If you have recently been hospitalised or undergone a medical procedure, you may have been faced with a bill from your doctor which was not fully covered by your medical scheme. In some cases there may be a co-payment for an elective procedure, or the specialist charged more than the medical scheme is prepared to pay.
If you don’t want to be caught by surprise the next time you are hospitalised, you should consider gap cover. This is an insurance that meets the shortfall between your medical bill and the payment made by your medical scheme.

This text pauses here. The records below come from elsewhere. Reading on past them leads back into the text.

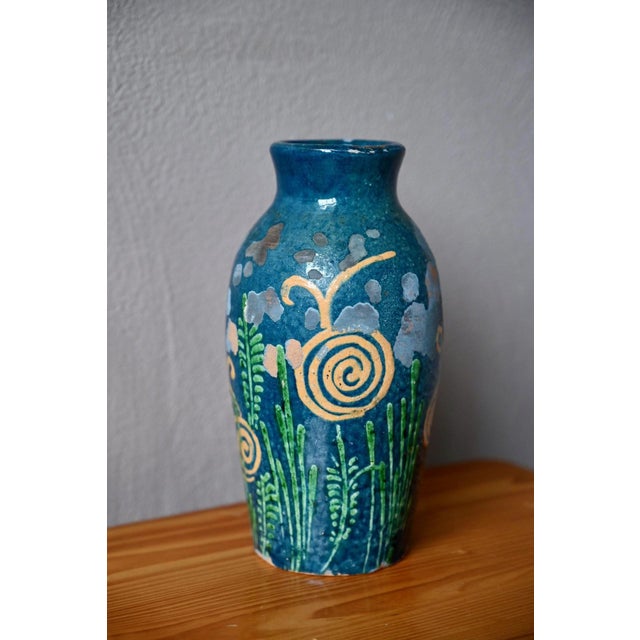 Art Deco Bohemian Soufflenheim Glazed Terracotta Vase, 1920s For Sale - Image 3 of 8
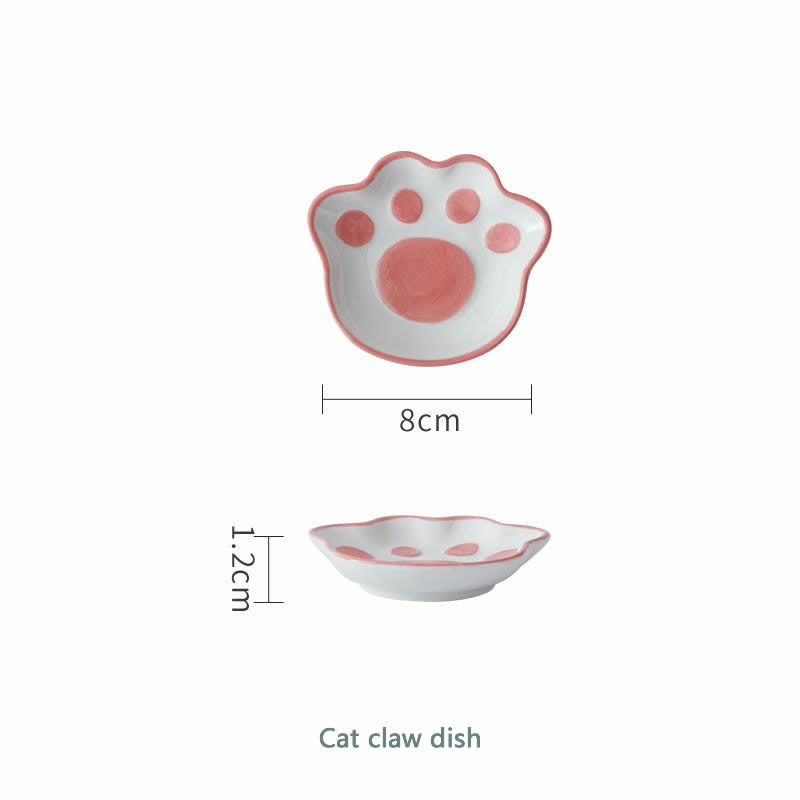 Cartoon Cat Ceramic Plate Set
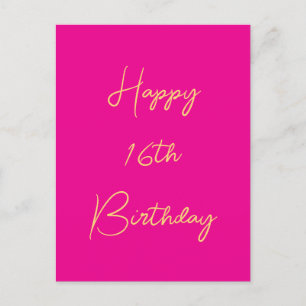 Happy 16th Birthday Sixteen Gold Hot Pink 2025 Holiday Postcard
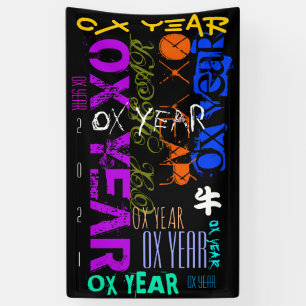 Graffiti style Repeating Ox Year 2021 Vertical B Banner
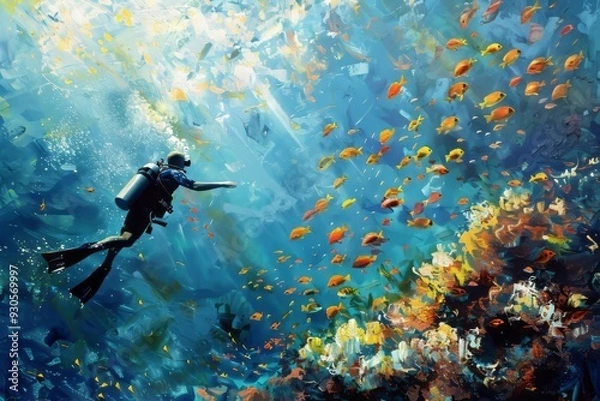 Obraz Diving with fish in the ocean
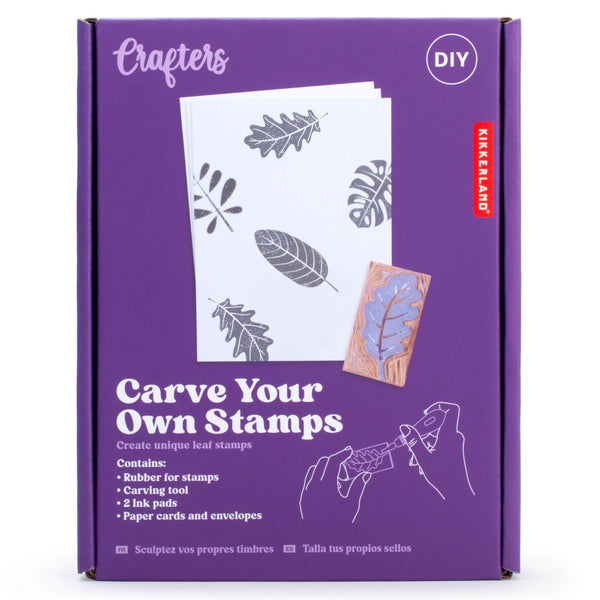 Kikkerland Crafters Carve Your Own Stamps DIY Block Printing Kit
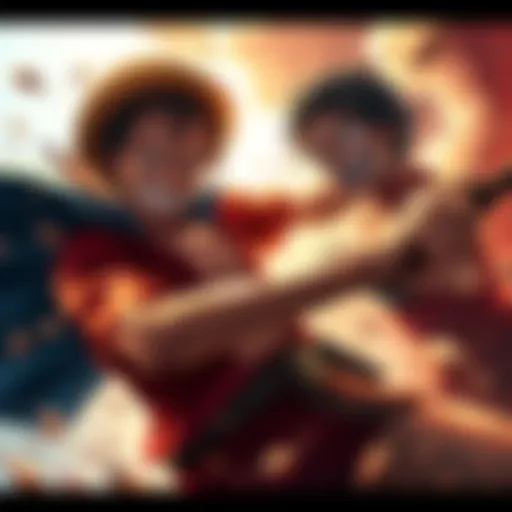 Luffy faces off against a powerful opponent in an intense battle scene, showcasing their determination and strength.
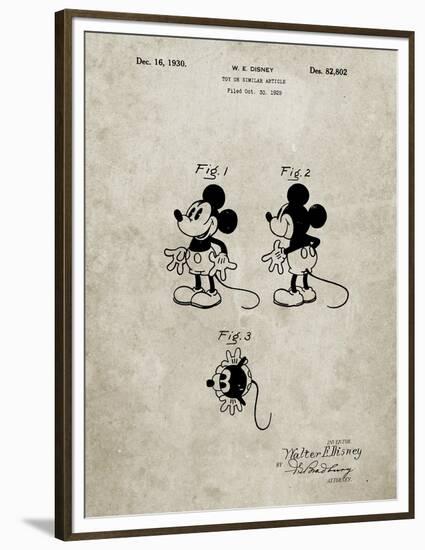 PP191- Sandstone Mickey Mouse 1929 Patent Poster-Cole Borders-Framed Premium Giclee Print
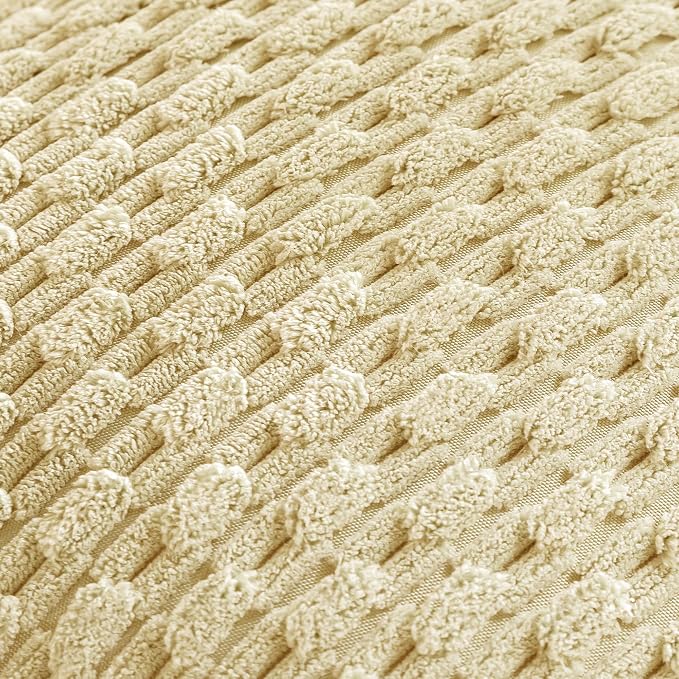 Set of 4 Pale Yellow Decorative Throw Pillow Covers 26x26 Inch Corduroy Pillow Covers for Bed Couch Sofa Living Room Soft Square Cushion Cases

Like any insurance, the more comprehensive it is, the more you pay for it. Gap cover ranges from as low as R120 per month for a family, up to R300 per month, so you need to know what is included. Some only cover for a shortfall between the doctor and the medical scheme while others include the co-payment on elective procedures. A more comprehensive cover will include a visit to the emergency room as well as additional benefits for oncology and prosthetics.
What you need to be aware of is that gap cover only pays for specialist bills in-hospital and doesn’t cover a visit to a specialist.
Also, be aware that this is an insurance not a medical scheme so they impose waiting periods and exclusions for a period of time. They can also exclude specific conditions. An example would be a pregnancy which would be excluded for 10-12 months from inception of a policy.
Gap cover can only be provided to individuals who are members of medical schemes at it pays the gap between the medical bills and what has been paid by the scheme. For individuals who are not members of a medical scheme but want some type of health insurance, there are other products such as hospital cash plans and primary healthcare plans.